8月に出した拙著「教養としてのプロレス」(双葉新書)が3刷になりました。香港の雨傘革命にも注目ですが私の出版界での「教養革命」にも注目してください(大げさ)。

あの本の中でプロレスファンの醍醐味として「人生の答え合わせ」ができるという章を書きました。

《プロレスを長く見続けていると、長い人生の縮図をみることができる瞬間がたまにある。 自分の思い出と答え合わせができたとき、このジャンルを好きでいてよかったと感じる。》という趣旨。

周囲からすれば無駄なものでも、本人がそこに時間と熱を費やしていれば何がしかの答えや教養を得ることができると思うのです。

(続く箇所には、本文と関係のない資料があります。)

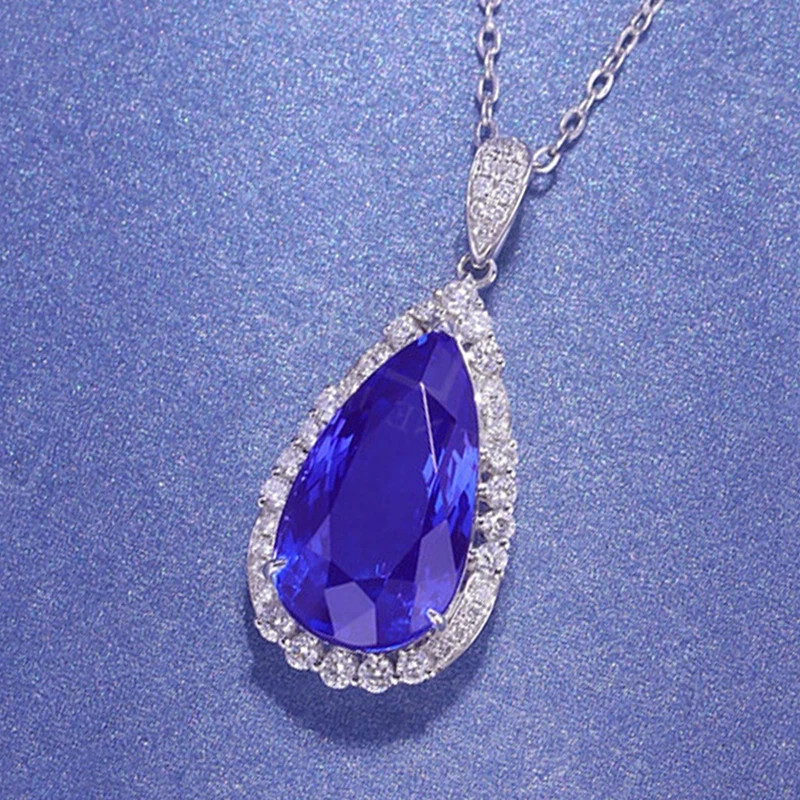 5.00Ct Pear Cut Natural Blue Tanzanite & Diamond 14K White Gold Luxury Pendant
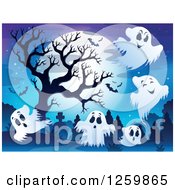 Clipart Of A Full Moon Bare Tree And Ghosts In A Cemetery Royalty Free Vector Illustration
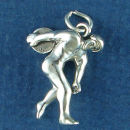 Track and Field Sports Discus Thrower 3D Sterling Silver Charm Pendant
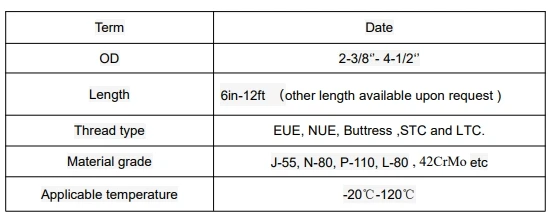 API 5CT J55 Pup Joint 2 7/8 Size for Oil Field Drill Strings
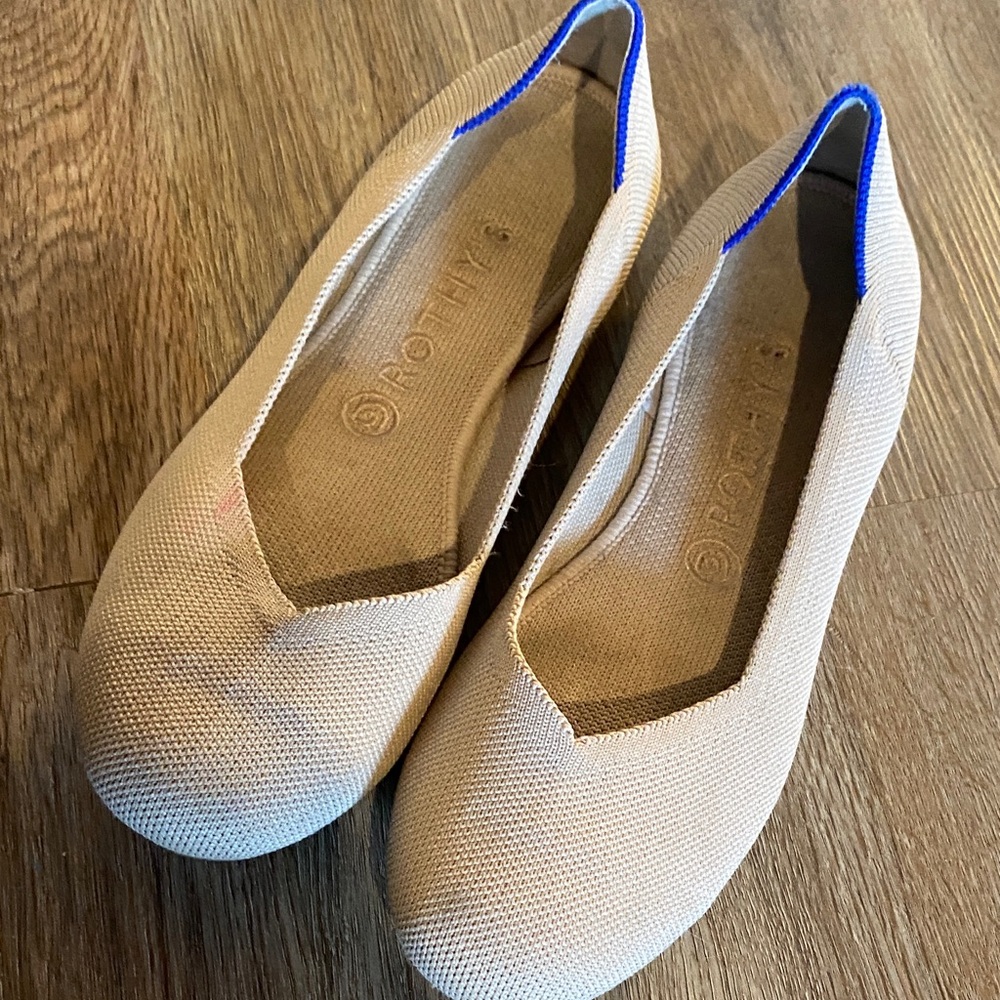 Rothy’s flats ballet beige light 9w 9 40 round toe shoes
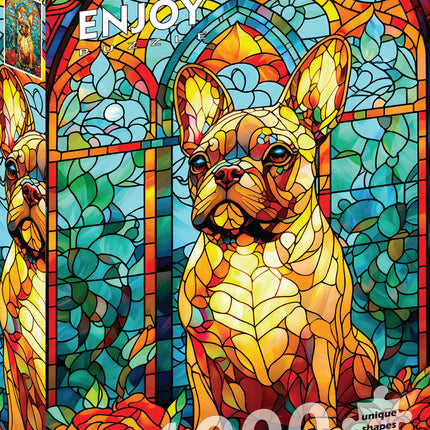 C-T 1000 Enjoy French Bulldog Stained Glass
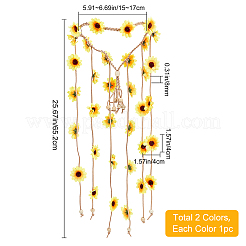 2Pcs 2 Colors Cloth Sunflower Hippie Headband Floral Crown&nbsp;OHAR-CP0001-15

これは他のジャンルでももちろん適応できる。阪神ファンのダンカンさんは今年の阪神について聞かれてこう答えていました。

《シーズンを通して成績が乱高下し、急降下した時の怒りや悲しみ、嘆きは自分の中に落としどころができている。阪神ファンとはそういうもの。時々の勝利がたまらない。「阪神ファン」はいわば“合法的な麻薬”ですよ。》※週刊ポスト10月3日号

ここまで味わい方を鍛えたら、もし阪神がとてつもない「ご褒美」をくれた日には感慨ひとしおだと思う。

さて、今週は大きな「人生の答え合わせ」物件がある。競馬の世界最高峰レース、フランスの「凱旋門賞」に日本から3頭が出走するのだ。

テニスの全米オープンでの錦織圭やサッカー日本代表を応援して「国際試合」の興奮が忘れられないニワカにこそオススメの一戦。

過去「凱旋門賞」をめざして日本から何頭も挑戦したが、あと一歩で無念の涙のケースや、思いもよらぬ惨敗のケースもあった。どうしても勝てない高い壁。

しかし今年のチャレンジャーの日本代表の3頭にワクワクするのだ。

だっていいですか、サッカー・日本代表はFIFAランキング「46位」(6月時点)でも日本のマスコミは「優勝も」と興奮してましたよね?

ところが今回日本から出走する「ジャスタウェイ」(牡5)は、ワールドベストレースホースランキング「1位」なのだ。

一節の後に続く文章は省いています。